**DIRECTIONS FOR THIS TASK**
The expected output is an exact copy of each line from the line with "Puma Emperor / Stag Handle" through the end of the data below, with no pictures in it.

**THE INPUT**

<<<<

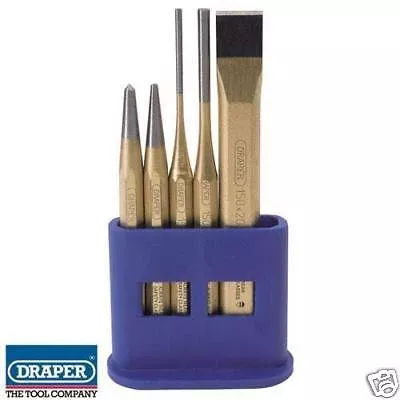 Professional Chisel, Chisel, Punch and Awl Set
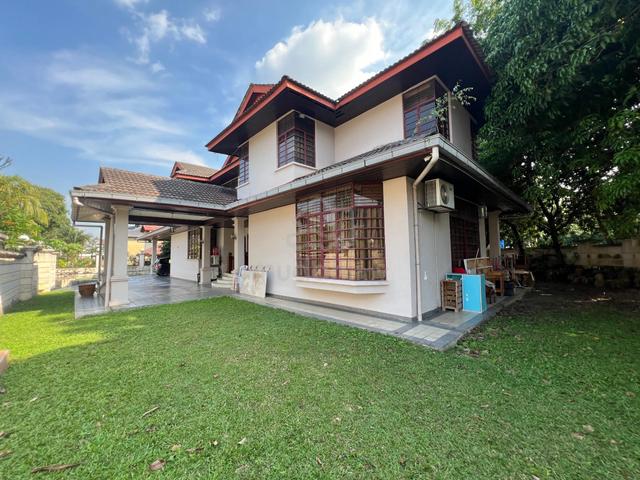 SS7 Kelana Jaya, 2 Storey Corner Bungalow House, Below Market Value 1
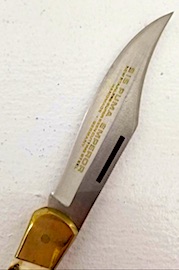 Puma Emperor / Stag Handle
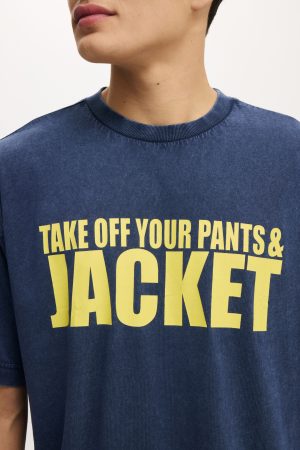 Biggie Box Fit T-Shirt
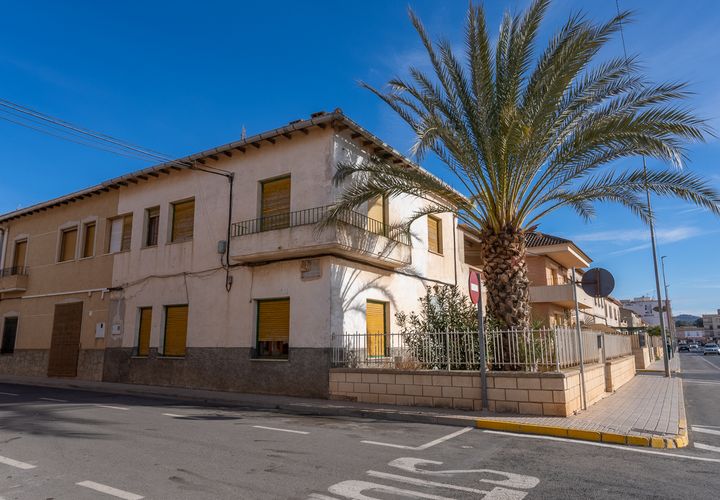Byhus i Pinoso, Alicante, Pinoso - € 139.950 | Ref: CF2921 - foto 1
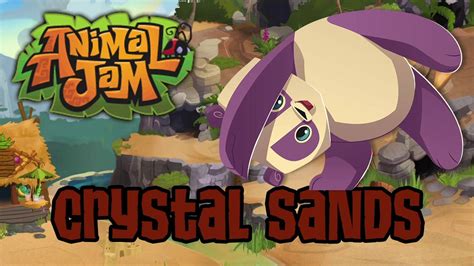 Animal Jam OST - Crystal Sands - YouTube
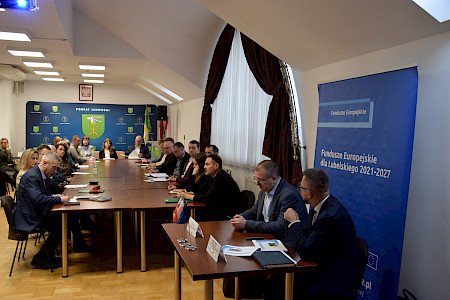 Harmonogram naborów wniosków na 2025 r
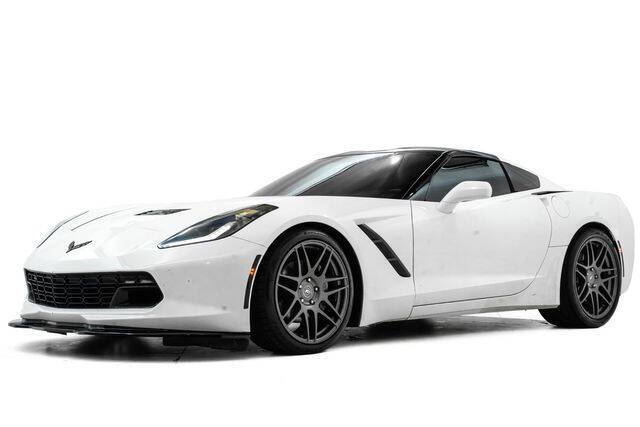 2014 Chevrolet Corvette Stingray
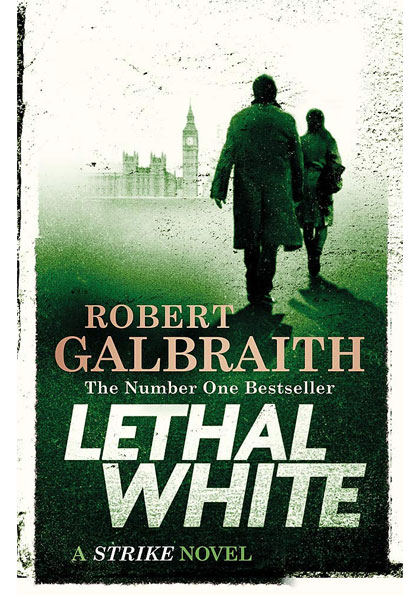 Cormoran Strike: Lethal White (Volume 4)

>>>>

**RESULT OF THIS EXERCISE**
 Puma Emperor / Stag Handle
 Biggie Box Fit T-Shirt
Byhus i Pinoso, Alicante, Pinoso - € 139.950 | Ref: CF2921 - foto 1
 Animal Jam OST - Crystal Sands - YouTube
 Harmonogram naborów wniosków na 2025 r
 2014 Chevrolet Corvette Stingray
 Cormoran Strike: Lethal White (Volume 4)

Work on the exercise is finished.